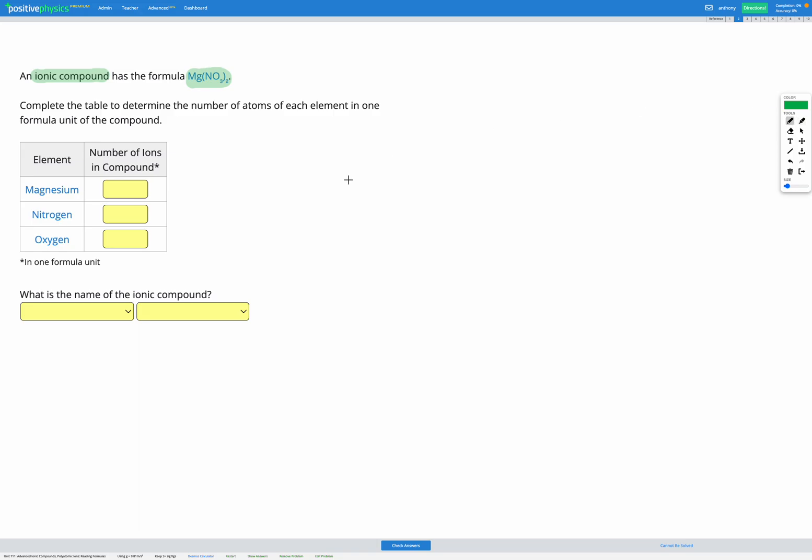First, let's start by looking at the number of ions. This looks a little different from what we've seen so far because we've got some brackets in there. I'm going to write this out a little larger. We have magnesium, and then in brackets we have N, nitrogen, O, oxygen with a 3, and then we have a 2 after the brackets.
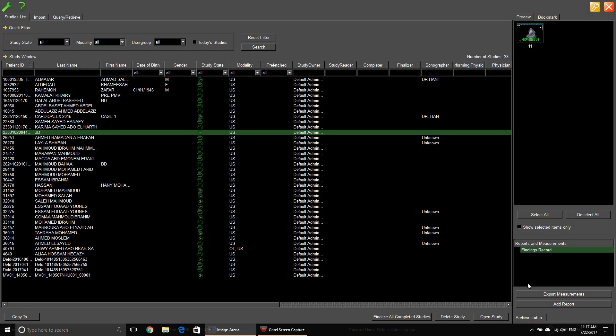In this short video we are going to explain how to use the 4D RV assessment tool of TOMTEK software. According to what I know at this moment, there is no other software that can quantify the RV ejection fraction by echocardiography except TOMTEK software.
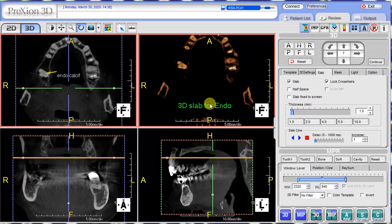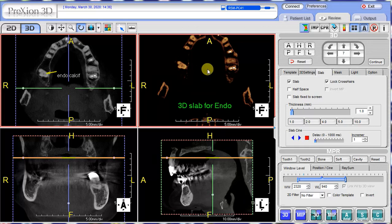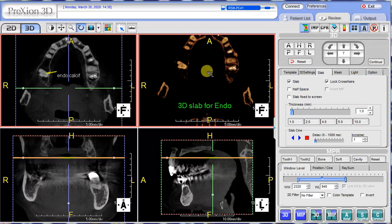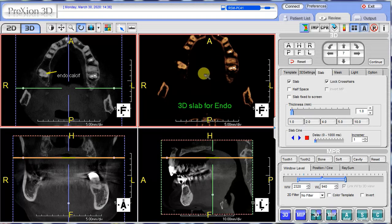If necessary, you can adjust the window level or contrast brightness by holding the right and left click together on the mouse, then moving it in a diagonal northeast to southwest direction, to get the desired level of image quality that you wish.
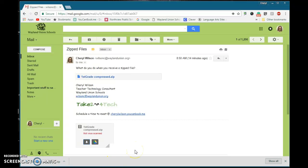This video is going to show you what to do when you have a file with the extension .zip at the end. It is a compressed file, which has been compressed to save space.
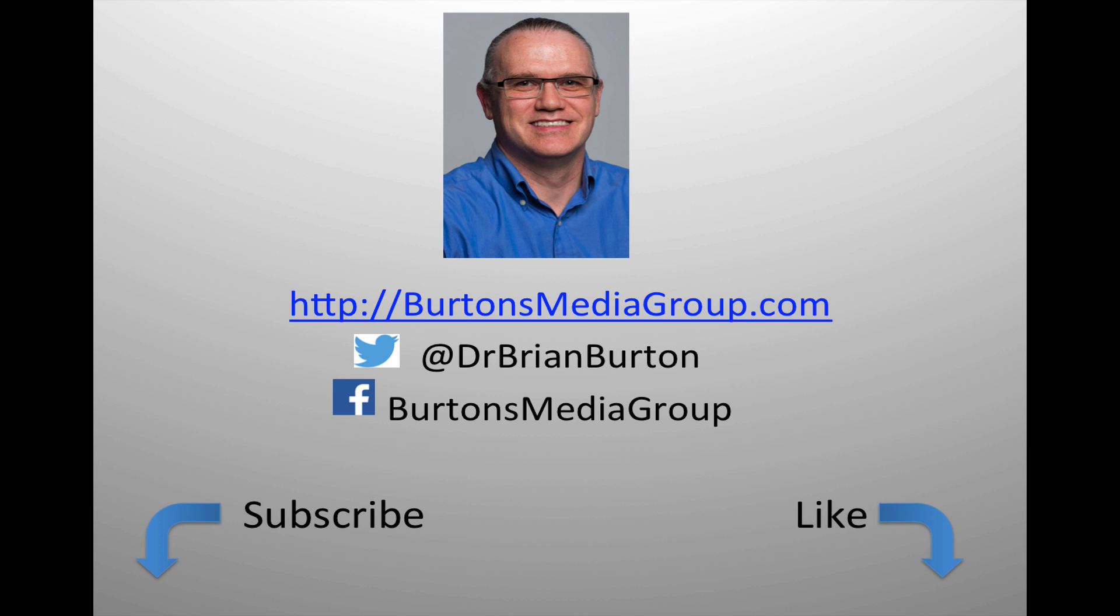We have a lot more tutorials and lessons forthcoming. If you'd like to follow what's happening you can follow us on Twitter at Dr. Brian Burton or Facebook at Burton's Media Group or follow us on our website burtonsmediagroup.com. If you'd like notification through YouTube hit the like or subscribe button.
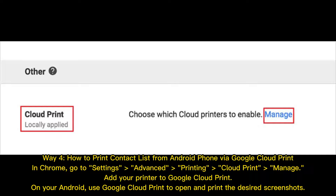Way 4: How to print a contact list from an Android phone via Google Cloud Print. In Chrome, go to Settings, then Advanced, Printing, Cloud Print, Manage. Add your printer to Google Cloud Print. On your Android, use Google Cloud Print to open and print the desired screenshots.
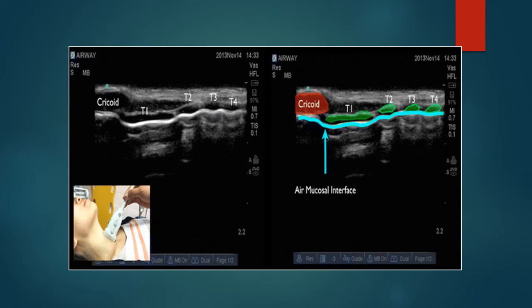Next, switch the probe into the sagittal position with the probe marker aiming towards the head and the back of the probe resting in the sternal notch. If you're over the trachea, you're going to see this kind of a view here.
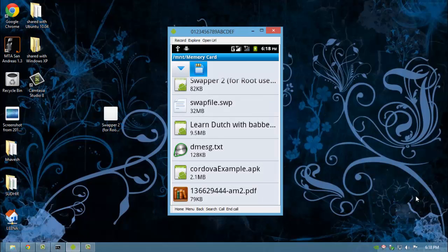In my case, 32 MB of swapfile.swp is created. You can create it up to a maximum of 256 MB.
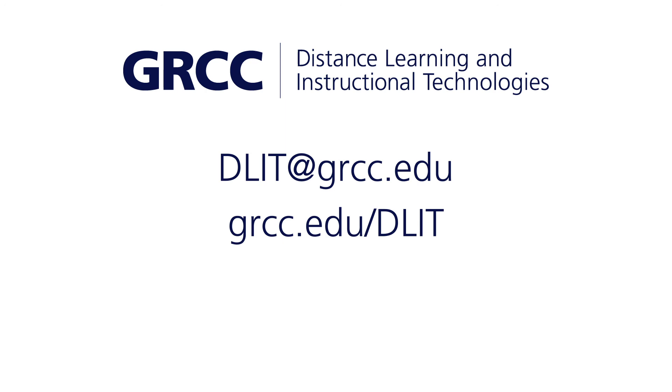Thanks for watching. If you have any questions or comments, you can email us at dlit at grcc.edu or visit us online at grcc.edu slash dlit.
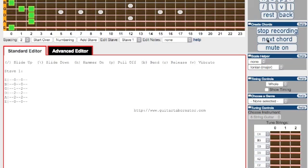If you want to mute some strings in your chord, press the Mute String button and any string you click on will be muted.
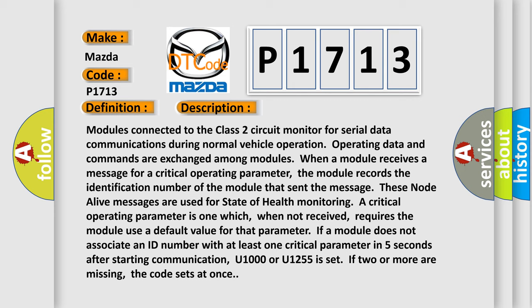If a module does not associate an ID number with at least one critical parameter in five seconds after starting communication, U1000 or U1255 is set. If two or more are missing, the code sets at once.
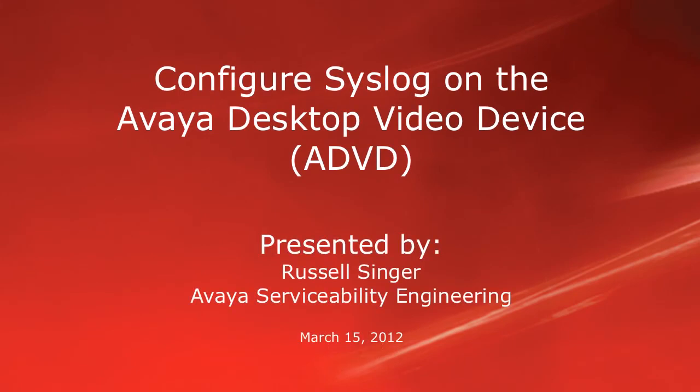Hello, my name is Russell Singer with the Avaya Serviceability Engineering team. This video will demonstrate how to configure syslog, otherwise known as remote logging, for your Avaya desktop video device.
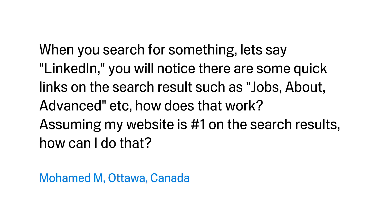Today's question comes from Mohamed in Ottawa, Canada, and Mohamed wants to know: when you search for something, let's say LinkedIn, you will notice there are some quick links on the search results, such as jobs, about, advanced, etc.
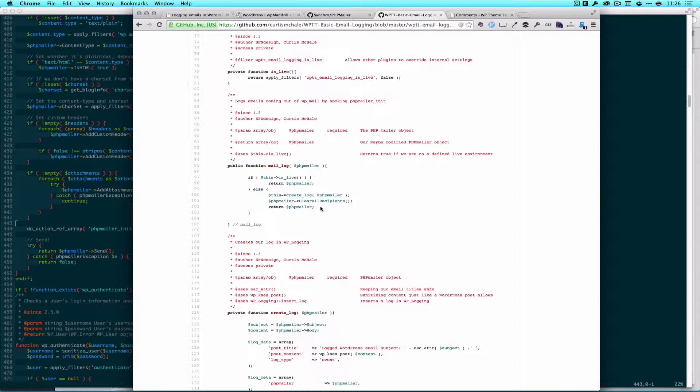There's some other suggestions on Stack Exchange that say you can just send back an empty object so you create a new phpmailer object that's totally empty and just send that back. That creates errors for us that doesn't work which is why we just clear all recipients. Now there's no one to send the email to and it won't work so it won't send.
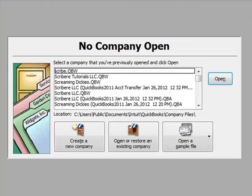In this section we are going to go over how to download company information from another accounting software into QuickBooks. In this case we are going to download from Peachtree Accounting.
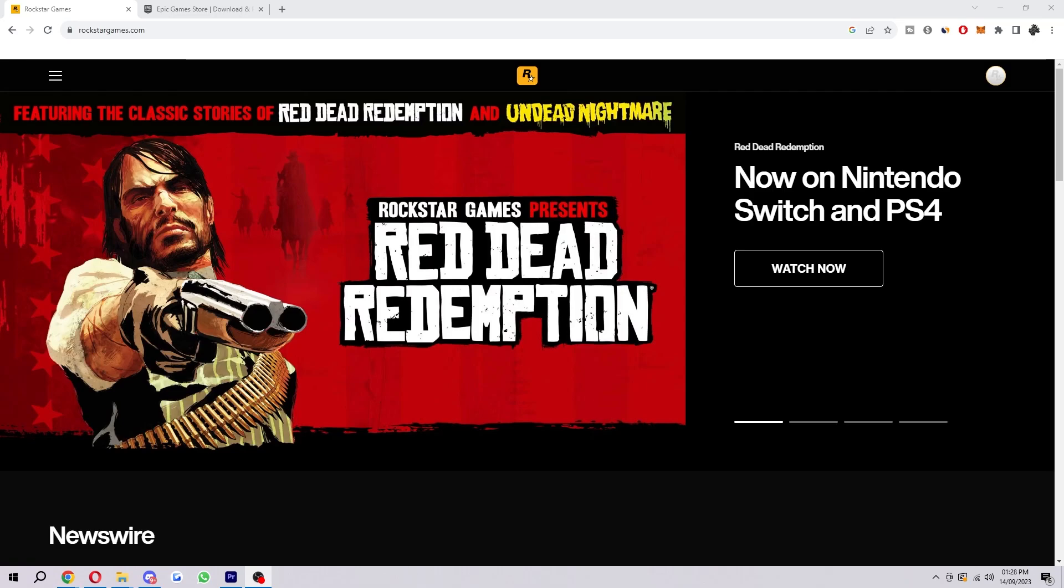Hello and welcome back to another video. Today I'm going to be showing you how to unlink Epic Games from Rockstar Social Club. Now this is very easy to do, so make sure you watch this video right until the end so that you don't miss any steps.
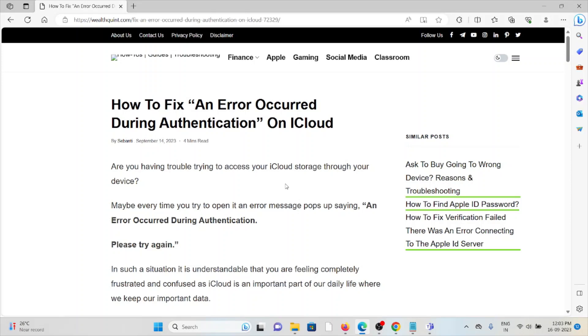Hi, let's see how to fix an error occurred during authentication on iCloud.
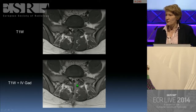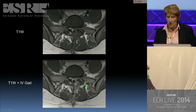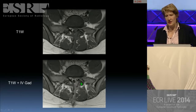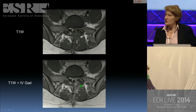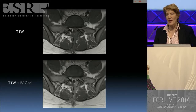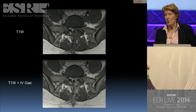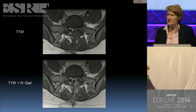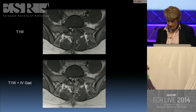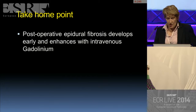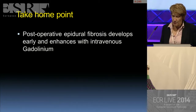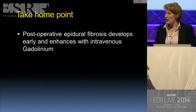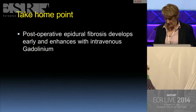This helps confirm the diagnosis of epidural fibrosis. If this was a recurrent disc herniation, one would not expect to get this degree of enhancement. With infective discitis, one expects to lose the definition of the end plates, which has not occurred in this case. The take-home point from this case is that post-operative epidural fibrosis develops early and enhances with intravenous gadolinium.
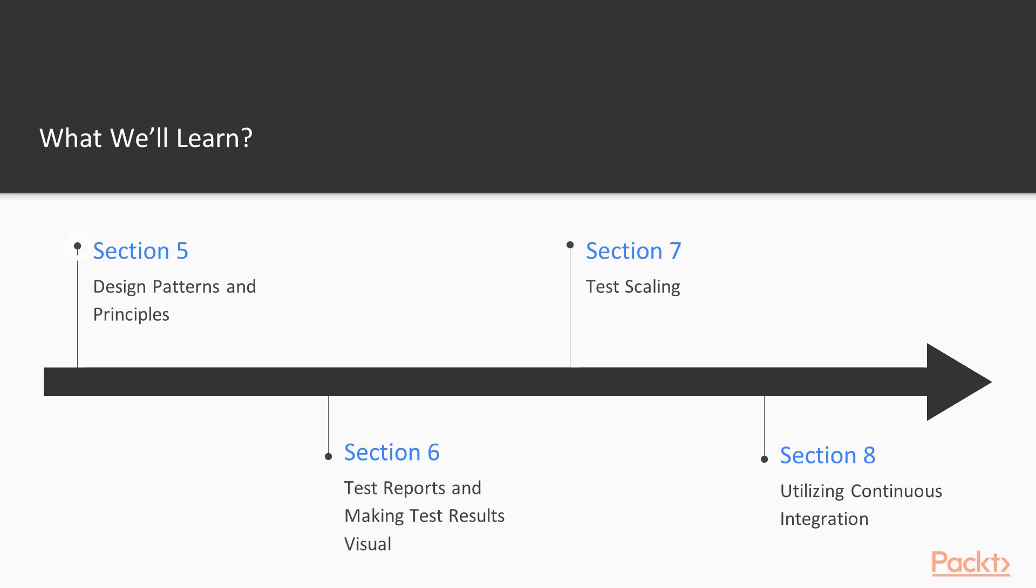This will lead to a dive in design patterns and principles. This will help you increase the quality of your Java code. After we're done with software design patterns and all the acronyms...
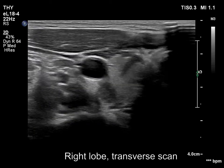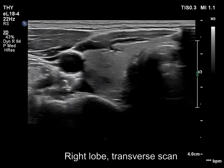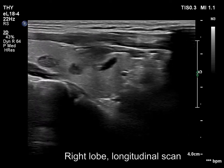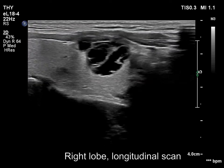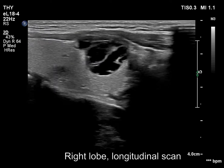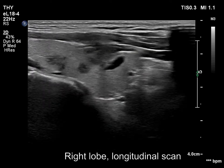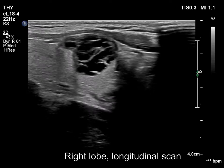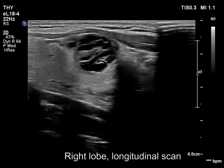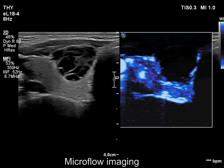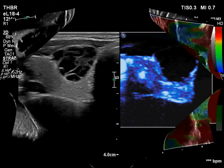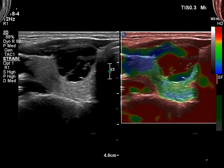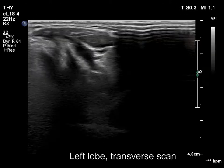The right lobe has a multi-chambered cystic nodule which has spongiform areas and echogenic solid parts. The lesion is avascular. The stratification of levels with different stiffness is typical of a cystic lesion.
━━━━━━
▶ Brief
Would you please output each record exactly, leaving the images out?

▶ Solution to the exercise
First, let's start by looking at the number of ions. This looks a little different from what we've seen so far because we've got some brackets in there. I'm going to write this out a little larger. We have magnesium, and then in brackets we have N, nitrogen, O, oxygen with a 3, and then we have a 2 after the brackets.
In this short video we are going to explain how to use the 4D RV assessment tool of TOMTEK software. According to what I know at this moment, there is no other software that can quantify the RV ejection fraction by echocardiography except TOMTEK software.
If necessary, you can adjust the window level or contrast brightness by holding the right and left click together on the mouse, then moving it in a diagonal northeast to southwest direction, to get the desired level of image quality that you wish.
This video is going to show you what to do when you have a file with the extension .zip at the end. It is a compressed file, which has been compressed to save space.
We have a lot more tutorials and lessons forthcoming. If you'd like to follow what's happening you can follow us on Twitter at Dr. Brian Burton or Facebook at Burton's Media Group or follow us on our website burtonsmediagroup.com. If you'd like notification through YouTube hit the like or subscribe button.
Way 4: How to print a contact list from an Android phone via Google Cloud Print. In Chrome, go to Settings, then Advanced, Printing, Cloud Print, Manage. Add your printer to Google Cloud Print. On your Android, use Google Cloud Print to open and print the desired screenshots.
Next, switch the probe into the sagittal position with the probe marker aiming towards the head and the back of the probe resting in the sternal notch. If you're over the trachea, you're going to see this kind of a view here.
In my case, 32 MB of swapfile.swp is created. You can create it up to a maximum of 256 MB.
Thanks for watching. If you have any questions or comments, you can email us at dlit at grcc.edu or visit us online at grcc.edu slash dlit.
If you want to mute some strings in your chord, press the Mute String button and any string you click on will be muted.
If a module does not associate an ID number with at least one critical parameter in five seconds after starting communication, U1000 or U1255 is set. If two or more are missing, the code sets at once.
Hello, my name is Russell Singer with the Avaya Serviceability Engineering team. This video will demonstrate how to configure syslog, otherwise known as remote logging, for your Avaya desktop video device.
Today's question comes from Mohamed in Ottawa, Canada, and Mohamed wants to know: when you search for something, let's say LinkedIn, you will notice there are some quick links on the search results, such as jobs, about, advanced, etc.
There's some other suggestions on Stack Exchange that say you can just send back an empty object so you create a new phpmailer object that's totally empty and just send that back. That creates errors for us that doesn't work which is why we just clear all recipients. Now there's no one to send the email to and it won't work so it won't send.
In this section we are going to go over how to download company information from another accounting software into QuickBooks. In this case we are going to download from Peachtree Accounting.
Hello and welcome back to another video. Today I'm going to be showing you how to unlink Epic Games from Rockstar Social Club. Now this is very easy to do, so make sure you watch this video right until the end so that you don't miss any steps.
Hi, let's see how to fix an error occurred during authentication on iCloud.
This helps confirm the diagnosis of epidural fibrosis. If this was a recurrent disc herniation, one would not expect to get this degree of enhancement. With infective discitis, one expects to lose the definition of the end plates, which has not occurred in this case. The take-home point from this case is that post-operative epidural fibrosis develops early and enhances with intravenous gadolinium.
This will lead to a dive in design patterns and principles. This will help you increase the quality of your Java code. After we're done with software design patterns and all the acronyms...
The right lobe has a multi-chambered cystic nodule which has spongiform areas and echogenic solid parts. The lesion is avascular. The stratification of levels with different stiffness is typical of a cystic lesion.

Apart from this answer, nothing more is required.